2. An exercise apparatus as described in claim 1, where the foot platform tilt axes are located between the rotation member top faces and the foot platforms.

3. An exercise apparatus as described in claim 1, further comprising means to bias the rotation members rotation angle to the position where the line connecting the two rotation axes is perpendicular to the rotation member longitudinal axes.

4. An exercise apparatus as described in claim 1, where the means to constrain the rotation of the rotation members comprises a tie bar having a longitudinal axis and where the tie bar is rotatably fastened to both rotation members.

5. An exercise apparatus as described in claim 4, further comprising means to bias each foot platform tilt angle to the position where the top face of the foot platform is parallel to the top face of the base platform.

6. An exercise apparatus as described in claim 1, where the base platform rear edge is curved; and further comprising: a pedestal having a hemispherical or circular arc or semi-conical or semi-round shape; and where the pedestal is located on the base platform bottom surface, on the base platform longitudinal centerline, closer to the base platform front edge than to its rear edge, so that the front edge of the base platform is raised and the base platform is rockable from right to left.

7. An exercise apparatus as described in claim 1, wherein the bottom surface of the base platform is shaped so that the front edge of the base platform is raised and the base platform is rockable from right to left.

8. An exercise apparatus as described in claim 6, where the foot platform tilt axes are located between the rotation member top faces and the foot platforms.

9. An exercise apparatus as described in claim 6, further comprising means to bias the rotation members rotation angle to the position where the line connecting the two rotation axes is perpendicular to the rotation member longitudinal axes.

10. An exercise apparatus as described in claim 6, where the means to constrain the rotation of the rotation members comprises a tie bar having a longitudinal axis and where the tie bar is rotatably fastened to both rotation members.

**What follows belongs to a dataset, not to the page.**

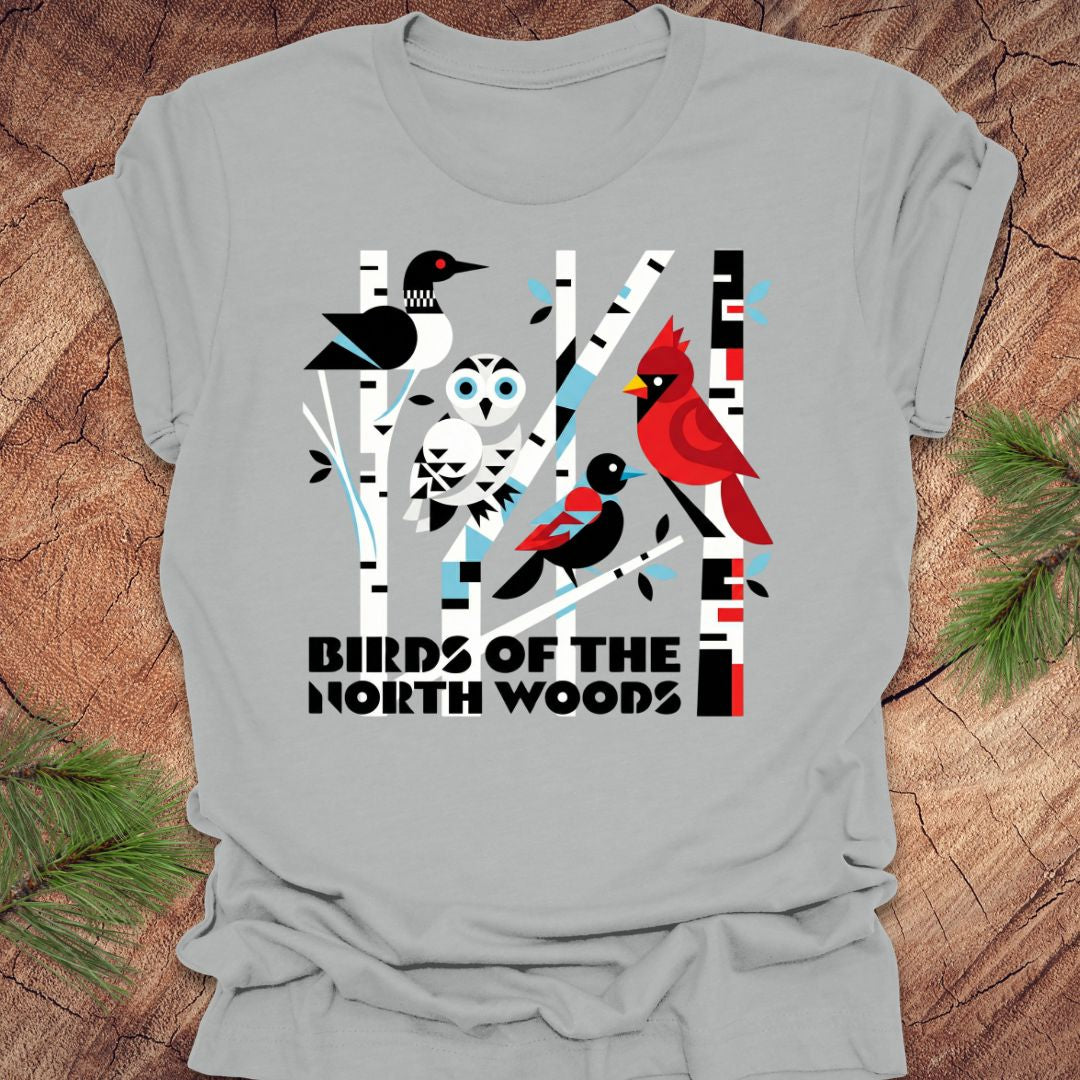 Gray t-shirt with bird design and 'Birds of the North Woods' text on a wooden surface.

11. An exercise apparatus as described in claim 10, further comprising means to bias each foot platform tilt angle to the position where the top face of the foot platform is parallel to the top face of the base platform.

12. An exercise apparatus as described in claim 2, further comprising compression springs interposed between the top faces of the rotation members and bottom faces of the foot platforms so as to bias each foot platform tilt angle to the position where the top face of the foot platform is parallel to the top face of the base platform.

13. An exercise apparatus as described in claim 3, where the means to bias the rotation angle comprises extension springs.

14. An exercise apparatus as described in claim 4, further comprising: foot platform tilt axes, each comprising eyes fastened to the bottom face of a foot platform, eyes fastened to the top face of a rotation member, and a shaft passing through all of the eyes so that the longitudinal axes of the shafts are parallel with the longitudinal axes of the rotation members; compression springs interposed between the top faces of the rotation members and bottom faces of the foot platforms so as to bias each foot platform tilt angle to the position where the top face of the foot platform is parallel to the top face of the base platform; extension springs arranged to bias the rotation members rotation angle to the position where the line connecting the two rotation axes is perpendicular to the rotation member longitudinal axes; and a pedestal having a hemispherical or circular arc or semi-conical or semi-round shape, where the pedestal is located on the base platform bottom surface, on the base platform longitudinal centerline, closer to the base platform front edge than to its rear edge, so that the front edge of the base platform is raised and the base platform is rockable from right to left.

15. An exercise apparatus as described in claim 14, where the rotation member rotation axes are located proximately below the balls of the user's feet and further comprising: rotation member support means located between the rotation member bottom faces and the base platform top face, and located proximately below the heels of the user's feet.

Description:

BACKGROUND OF THE PRESENT INVENTION

1. Summary of the Prior Art

This invention relates to a training device, and more particularly to a parallel ski training device for conditioning and developing the muscles, balance and reflexes used in parallel skiing.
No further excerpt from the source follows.